The Secrecy of Art: From The Gay Science (1866)

E. S. Dallas

We ought now to proceed at once to the consideration of pleasure. I began by showing that pleasure is the end of art. I brought forward a cloud of witnesses to prove that this has always been acknowledged. And after showing that all these witnesses, in their several ways, define and limit the pleasure which art seeks, we discovered that the English school of critics has, more than any other, the habit of insisting on a limitation to it, which is more full of meaning as a principle in art than all else that has been advanced by the various schools of criticism. That the pleasure of art is the pleasure of imagination is the one grand doctrine of English criticism, and the most pregnant doctrine of all criticism. But it was difficult to find out what imagination really is; and therefore the last three chapters were allotted to an inquiry into the nature of it. The result at which we have arrived is that imagination is but another name for that unconscious action of the mind which may be called the Hidden Soul. And with this understanding, we ought now to proceed to the scrutiny of pleasure. I will, however, ask the reader to halt for a few minutes, that I may point out how this understanding as to the nature of imagination bears on the definition with which we started—that pleasure is the end of art.
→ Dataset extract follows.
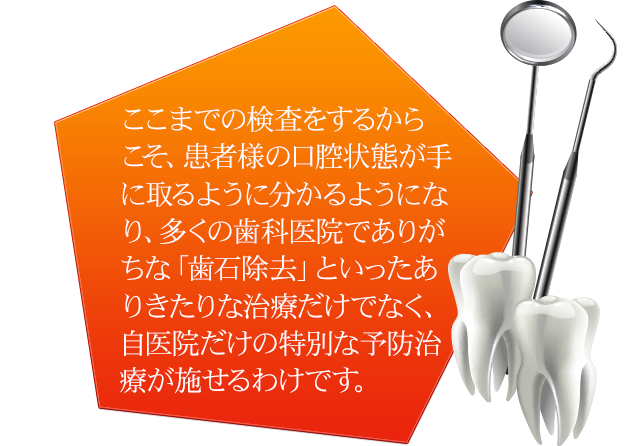 ここまでの検査をするからこそ、患者様の口腔状態が手に取るように分かるようになり、多くの歯科医院でありがちな「歯石除去」といったありきたりな治療だけでなく、自医院だけの特別な予防治療が施せるわけです。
Few are willing to acknowledge pleasure as the end of art. I took some pains to defend pleasure in this connection as a fit object of pursuit, and if I have not satisfied every mind, I hope now to do so by the increased light which the analysis of imagination will have thrown upon the subject.

We started with the common doctrine that art is the opposite of science, and that, as the object of science is knowledge, so that of art is pleasure.